Extracted entries section start

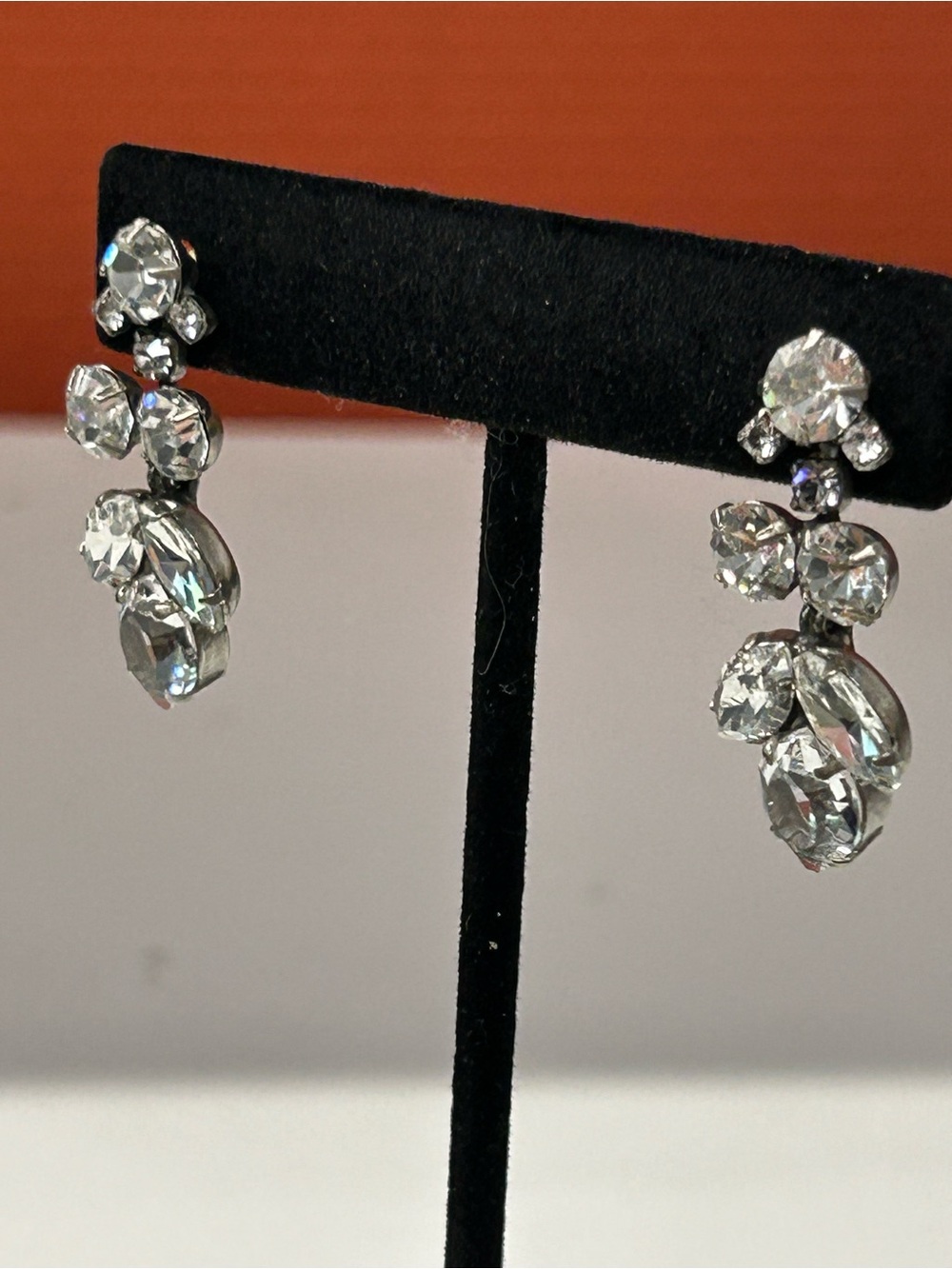 Gorgeous vintage Sorrelli clear crystal earrings
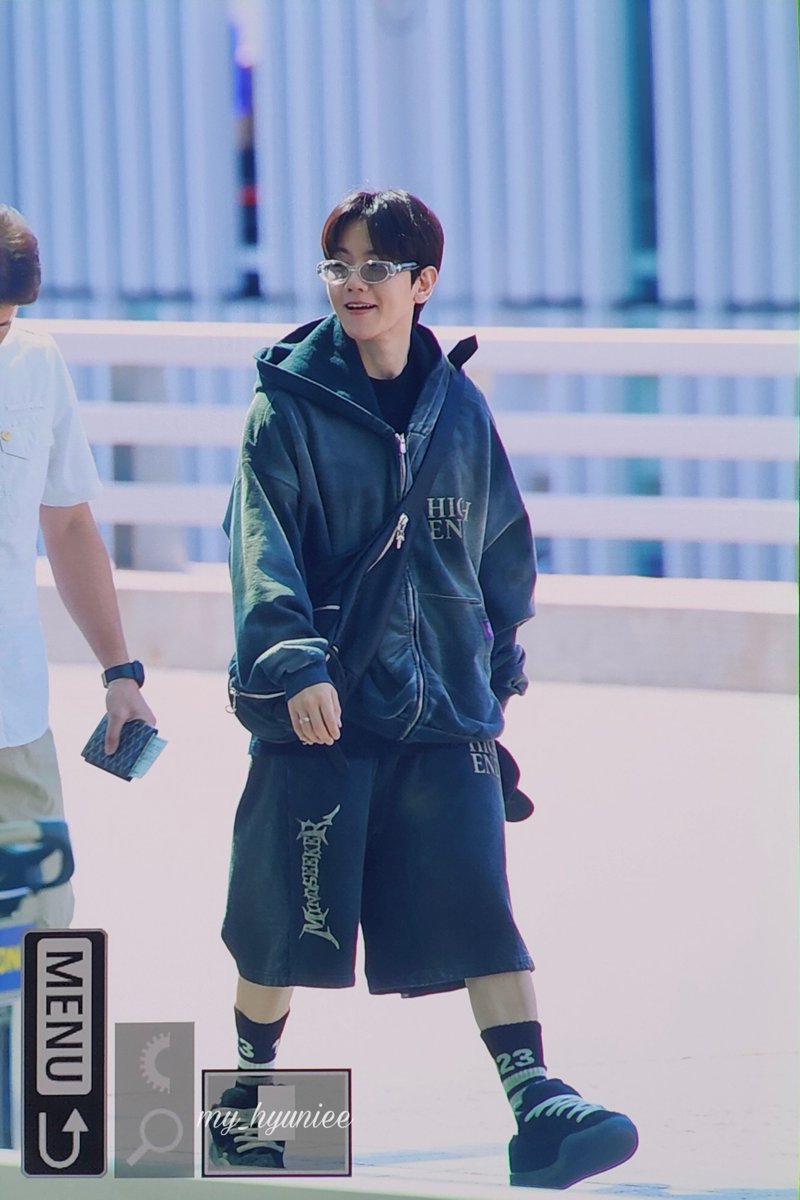 baekhyun at the airport heading to jakarta for lonsdaleite 🤍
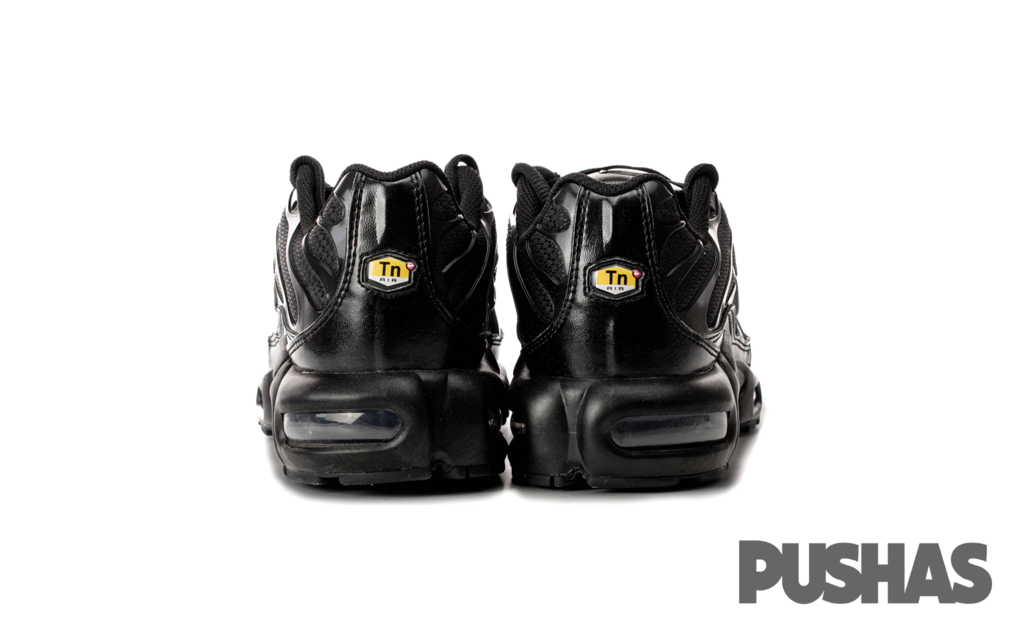 Air max sales tn triple black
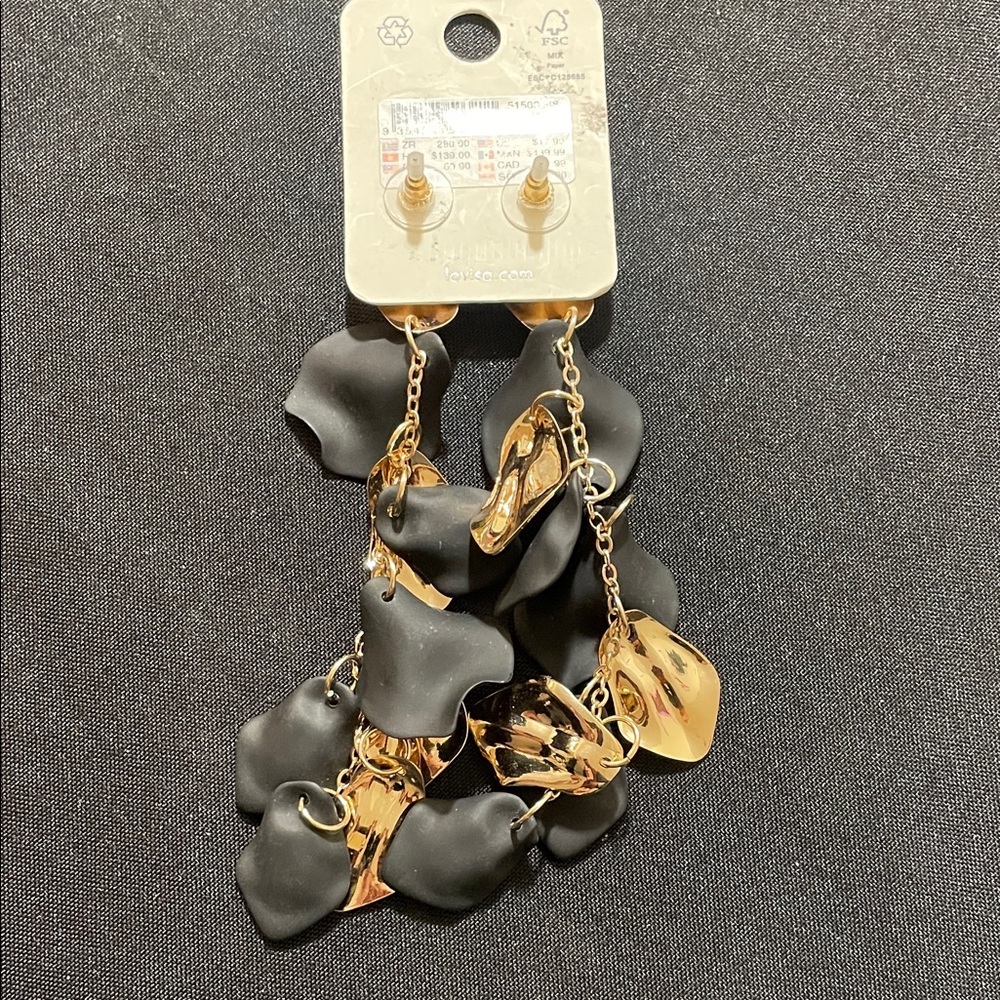 Lovisa Black and Gold Floral Dangle Earrings - Picture 2 of 4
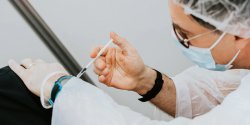 Refundowane szczepionki na gryp� mia�o otrzyma� nawet 3,5 tys. elbl��an, a otrzyma�o... 43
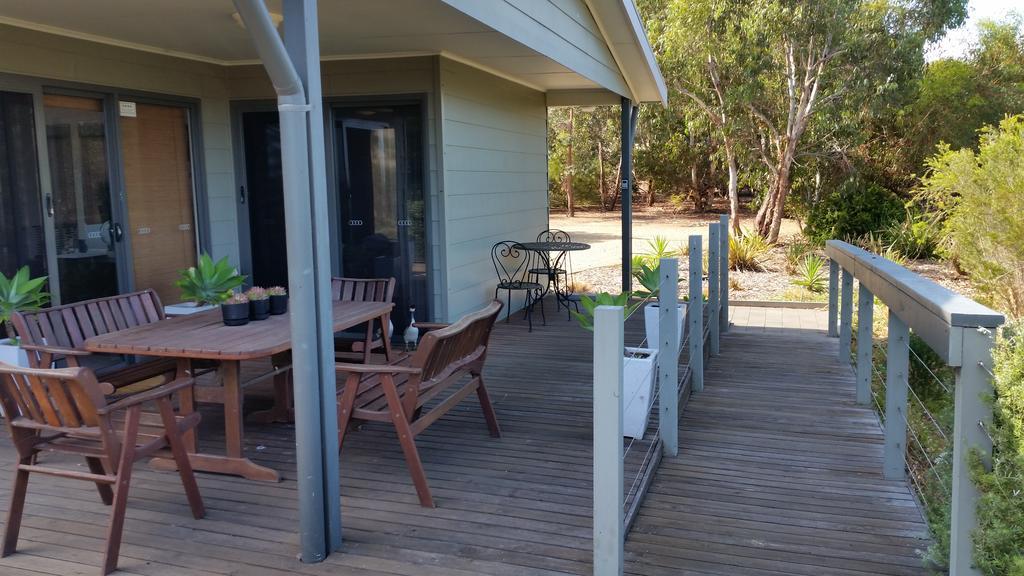 Linger Longer Cottages Port Elliot Esterno foto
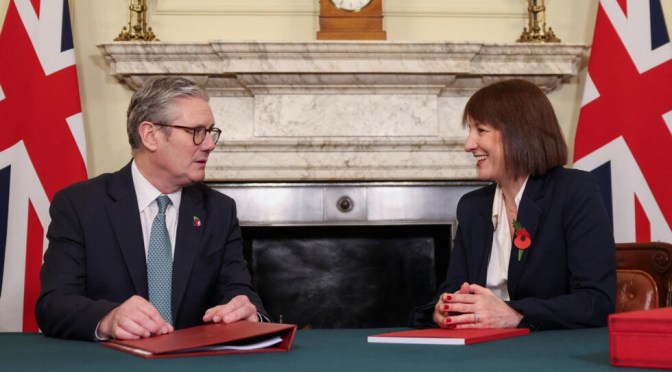 Royaume-Uni : le gouvernement de gauche prévoit six milliards d’euros de coupes dans les aides sociales – une réforme controversée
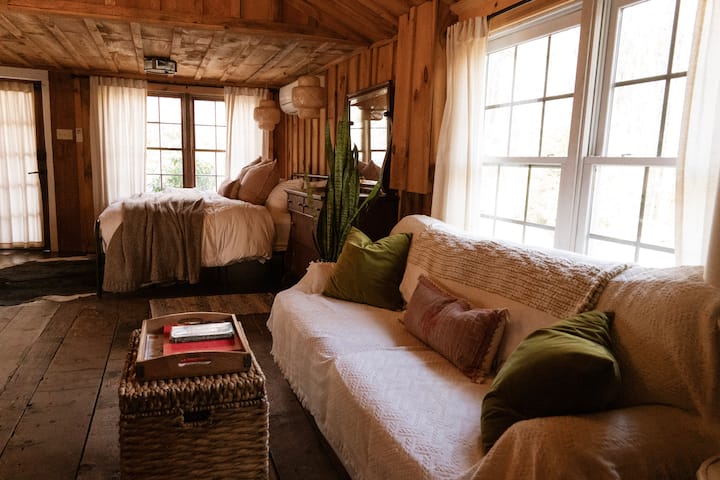Historic Luxury Cabin | Private Outdoor Tub - Cashiers, NC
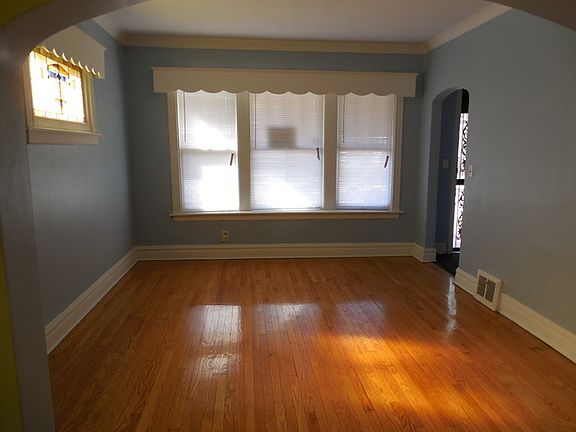 2nd image of 11311 S Eggleston Ave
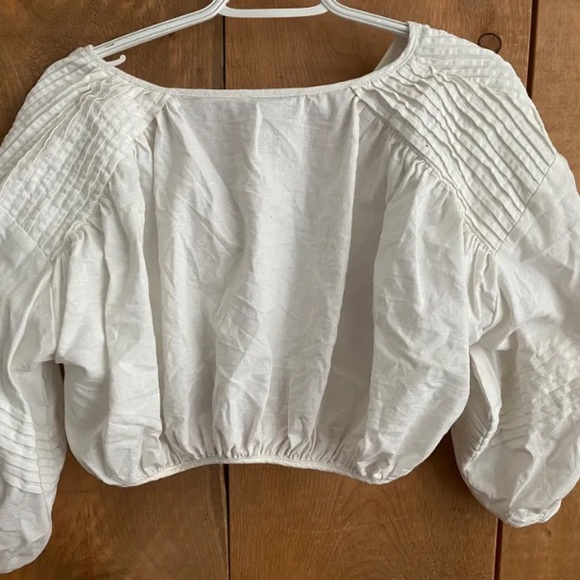 White Sabo skirt cropped blouse. New without tags, never worn. - Picture 2 of 5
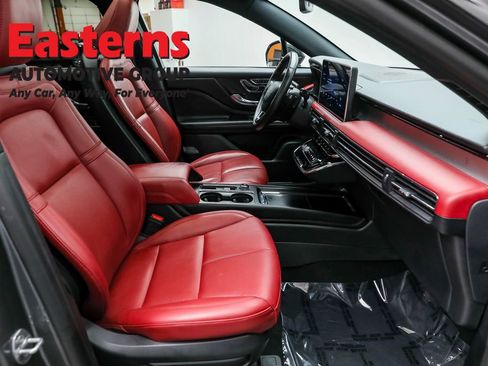 Used 2025 Lincoln Corsair Grand Touring w/ Towing Package image 25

Extracted entries section end

*Work order:*
Although the records above include pictures, the copy must contain only their exact text.

*Response below:*
 Gorgeous vintage Sorrelli clear crystal earrings
 baekhyun at the airport heading to jakarta for lonsdaleite 🤍
 Air max sales tn triple black
 Lovisa Black and Gold Floral Dangle Earrings - Picture 2 of 4
 Refundowane szczepionki na gryp� mia�o otrzyma� nawet 3,5 tys. elbl��an, a otrzyma�o... 43
 Linger Longer Cottages Port Elliot Esterno foto
 Royaume-Uni : le gouvernement de gauche prévoit six milliards d’euros de coupes dans les aides sociales – une réforme controversée
Historic Luxury Cabin | Private Outdoor Tub - Cashiers, NC
 2nd image of 11311 S Eggleston Ave
 White Sabo skirt cropped blouse. New without tags, never worn. - Picture 2 of 5
 Used 2025 Lincoln Corsair Grand Touring w/ Towing Package image 25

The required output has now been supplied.